Reactive arthritis is a condition characterized by joint swelling, tenderness, and pain in people who are genetically susceptible. It may also affect the eyes and the urethra, the tube that drains urine from the bladder.
What is going on in the body?
Reactive arthritis is an acute condition that develops in response to an infection. The joints affected by the arthritis are not infected. Rather, the immune system causes inflammation of the joints in response to an infection that occurs elsewhere in the body.

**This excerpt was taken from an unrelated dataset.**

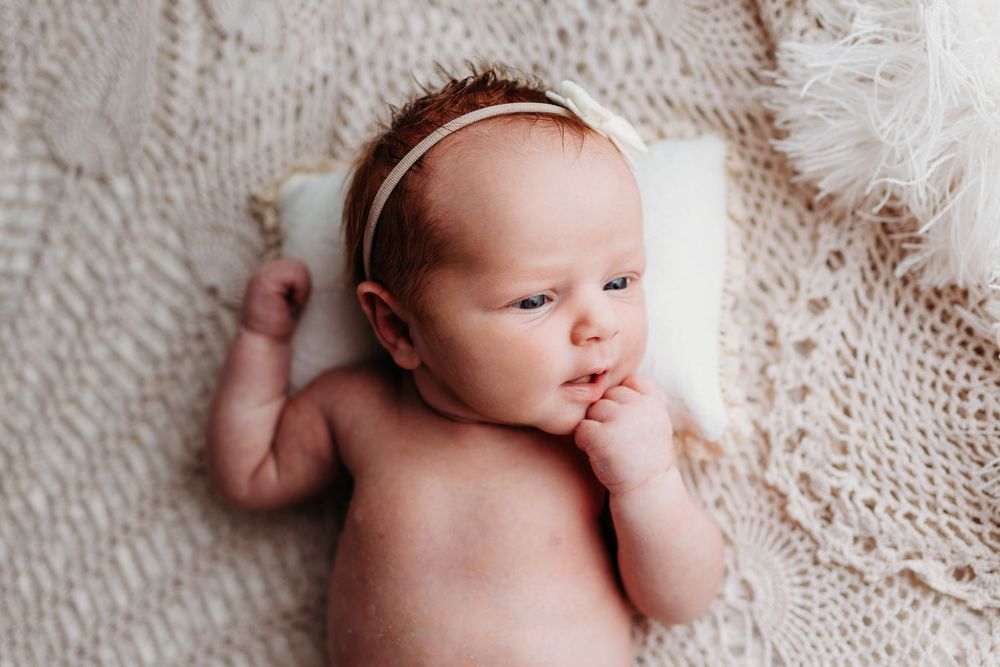 Infant wearing white outfit rests on textured cream-colored surface during a photo session.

What are the causes and risks of the condition?
For unknown reasons, certain people are genetically susceptible to reactive arthritis. Eighty percent of the people with the type of reactive arthritis known as Reiter's Syndrome have a gene known as HLA-B27. These individuals are at risk for reactive arthritis following an infection with certain bacteria or viruses, including:
Reiter's syndrome is most commonly seen in men between the ages of 20 and 40 years. While women can develop the condition, they usually have milder symptoms than the men do.

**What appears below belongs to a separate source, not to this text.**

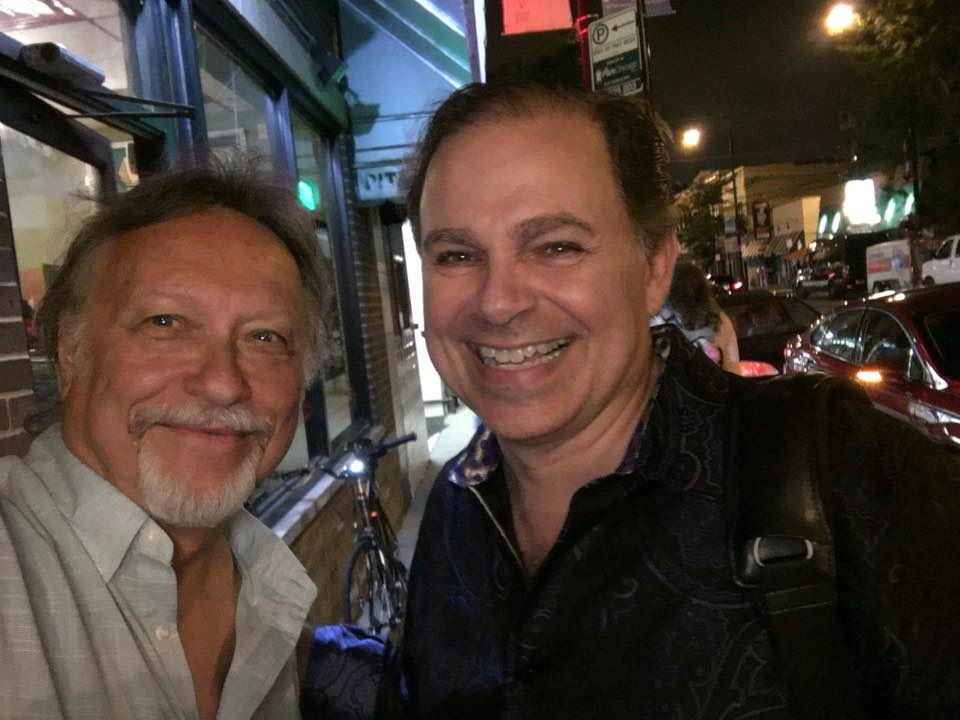 2 men standing outside posing for picture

What can be done to prevent the condition?
Practicing safer sex can eliminate those cases of Reiter's syndrome that are caused by a sexually-transmitted disease. Reactive arthritis that follows food poisoning can be avoided by using good food-handling techniques.
How is the condition diagnosed?
Reactive arthritis may be suspected when someone develops arthritis following an infection. The organism may be cultured from the throat, intestinal tract, or genitourinary tract. Blood tests can help confirm the diagnosis. In some cases, a joint aspiration is done to remove fluid from the joints by a needle. The fluid is then examined under a microscope in the laboratory.
Long Term Effects
What are the long-term effects of the condition?
Although most people recover completely from reactive arthritis, about 20% may be left with ongoing joint pain. Some individuals may develop chronic eye irritation known as uveitis,. Ten percent of the people who have reactive arthritis will develop heart valve problems, including aortic regurgitation. Rarely, the syndrome may cause severe arthritis and disability.
What are the risks to others?
The original infection, which triggers reactive arthritis, can be spread to others. However, not all people will develop reactive arthritis as a result of the infection.
What are the treatments for the condition?
When first diagnosed, a short period of bed rest may be recommended to reduce pain and inflammation in the joints. The healthcare provider may then recommend strengthening and range-of-motion exercises .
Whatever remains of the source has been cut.